» **Information supplied**:
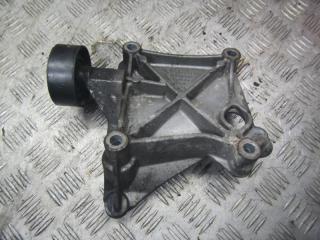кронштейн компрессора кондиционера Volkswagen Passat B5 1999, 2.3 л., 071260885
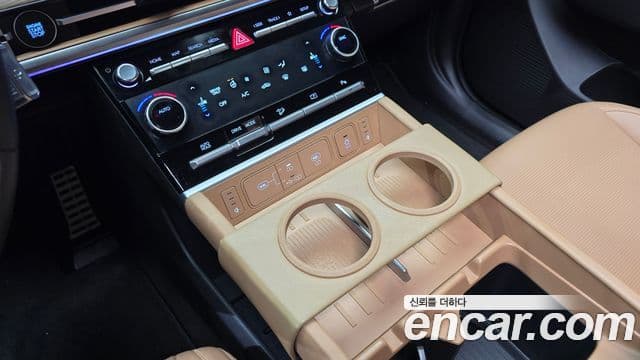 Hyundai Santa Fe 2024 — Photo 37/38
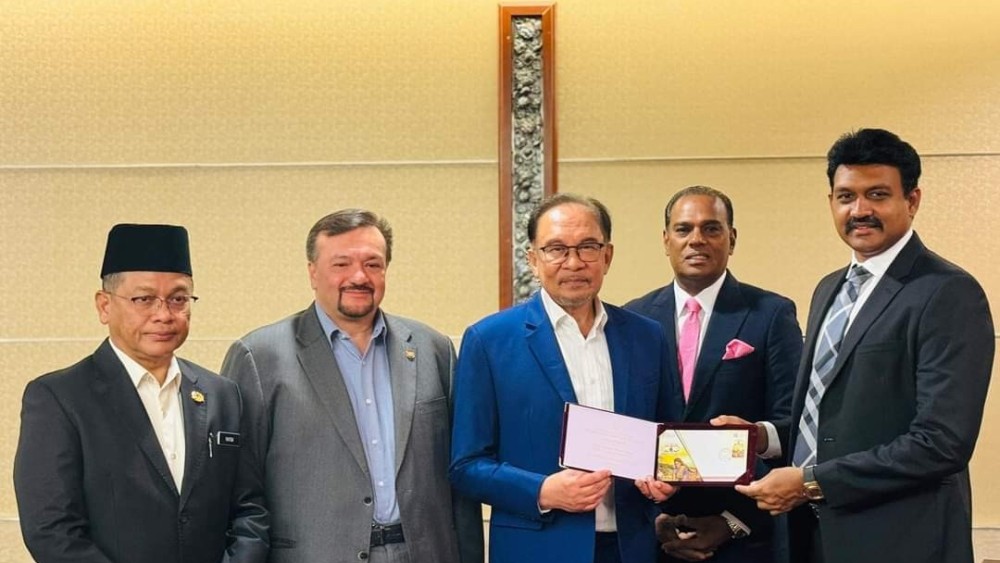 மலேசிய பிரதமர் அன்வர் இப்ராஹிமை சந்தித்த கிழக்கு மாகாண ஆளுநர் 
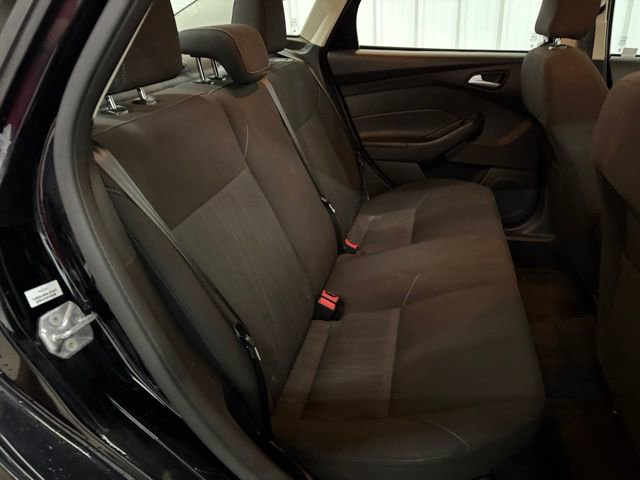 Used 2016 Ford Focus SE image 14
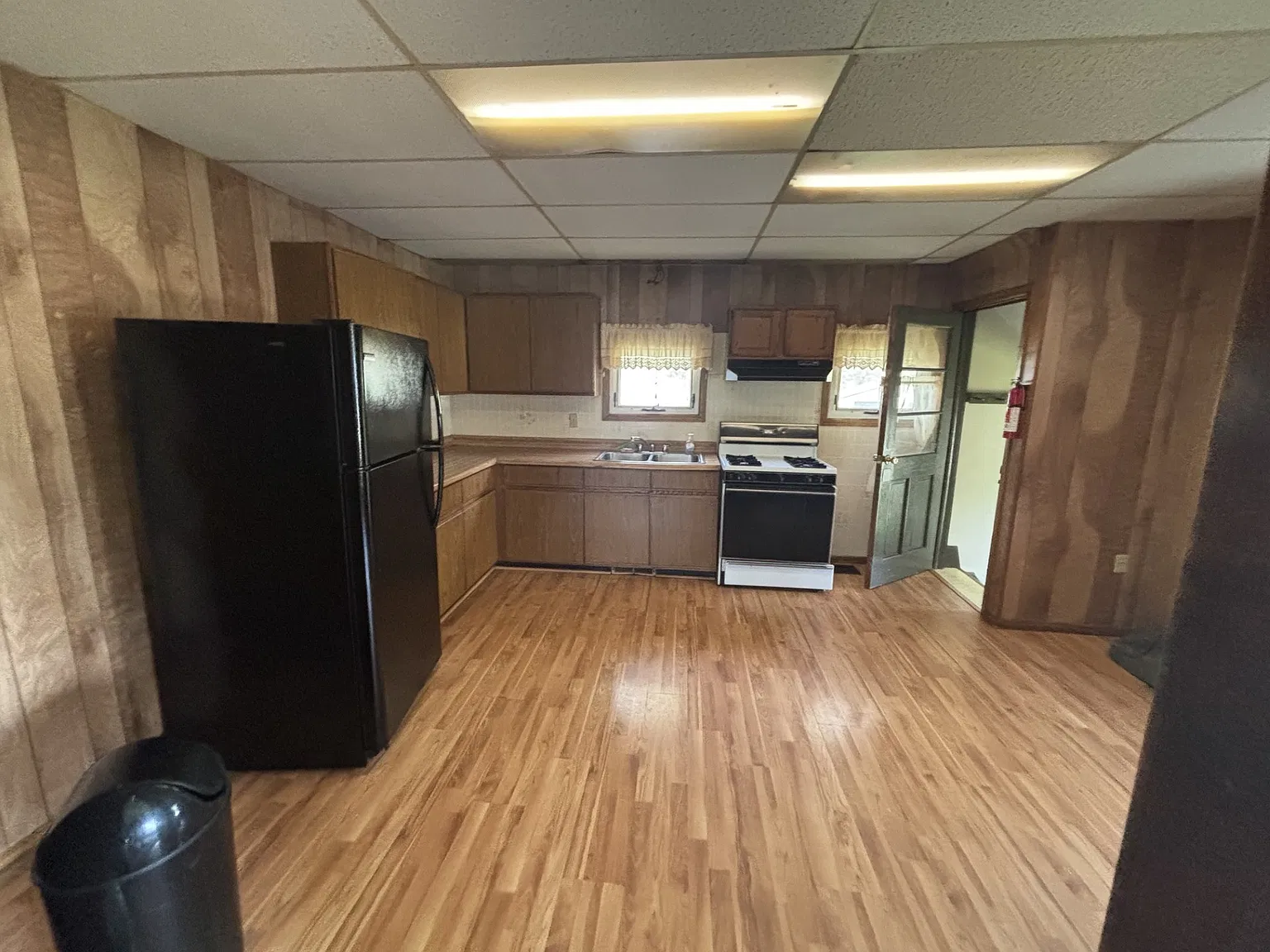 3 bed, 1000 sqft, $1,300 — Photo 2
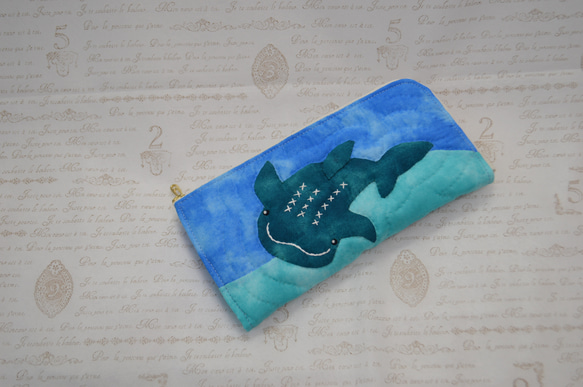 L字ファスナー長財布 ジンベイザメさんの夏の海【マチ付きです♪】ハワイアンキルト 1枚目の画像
==
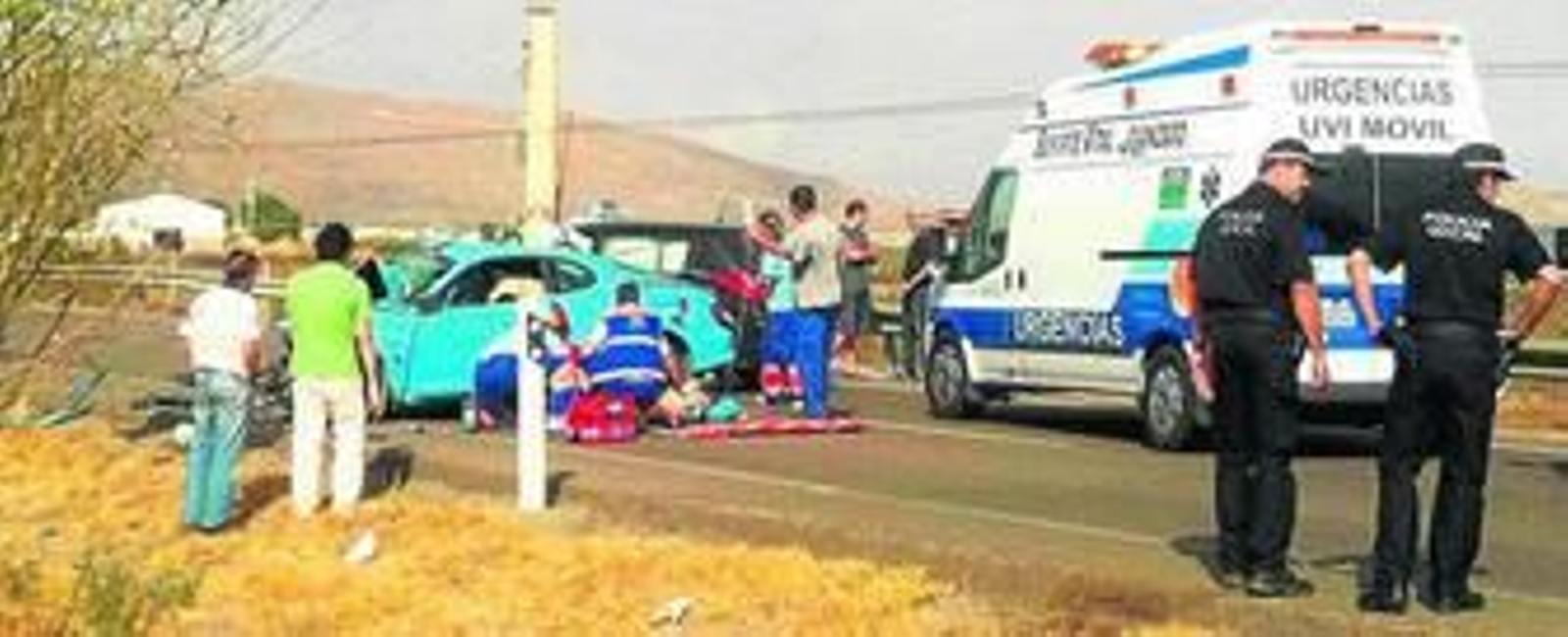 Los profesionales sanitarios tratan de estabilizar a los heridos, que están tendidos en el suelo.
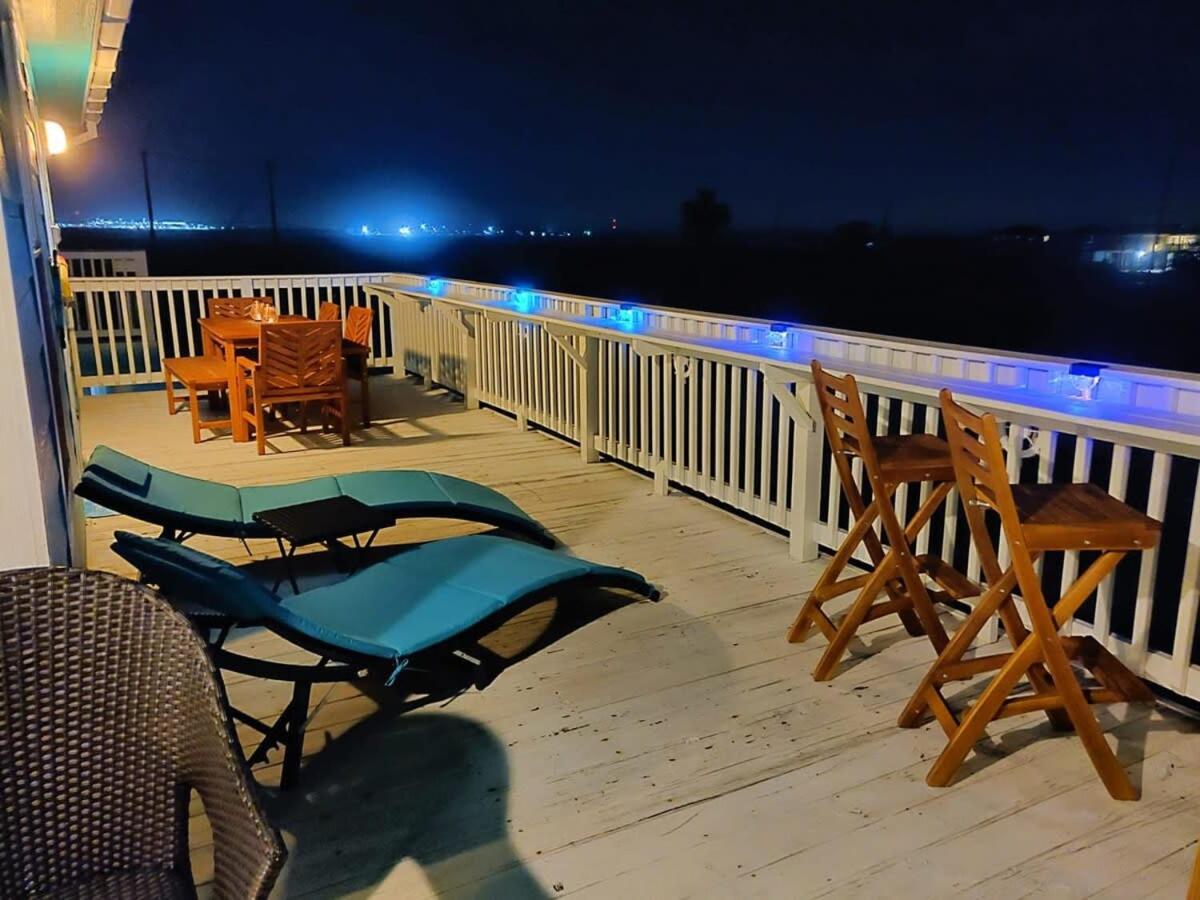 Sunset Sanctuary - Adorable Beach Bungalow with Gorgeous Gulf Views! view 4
==
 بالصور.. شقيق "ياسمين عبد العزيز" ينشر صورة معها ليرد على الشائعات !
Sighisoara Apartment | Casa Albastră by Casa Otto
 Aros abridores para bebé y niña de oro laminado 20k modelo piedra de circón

» **What the task asks**: Take the material above from the line bearing "மலேசிய பிரதமர் அன்வர்" through the line bearing "L字ファスナー長財布 ジンベイザメさんの夏の海【マチ付きです♪】ハワイアンキルト 1枚目の画像" and write it out exactly, both end lines included. Pictures stay out.

» **Exercise response**:
 மலேசிய பிரதமர் அன்வர் இப்ராஹிமை சந்தித்த கிழக்கு மாகாண ஆளுநர் 
 Used 2016 Ford Focus SE image 14
 3 bed, 1000 sqft, $1,300 — Photo 2
 L字ファスナー長財布 ジンベイザメさんの夏の海【マチ付きです♪】ハワイアンキルト 1枚目の画像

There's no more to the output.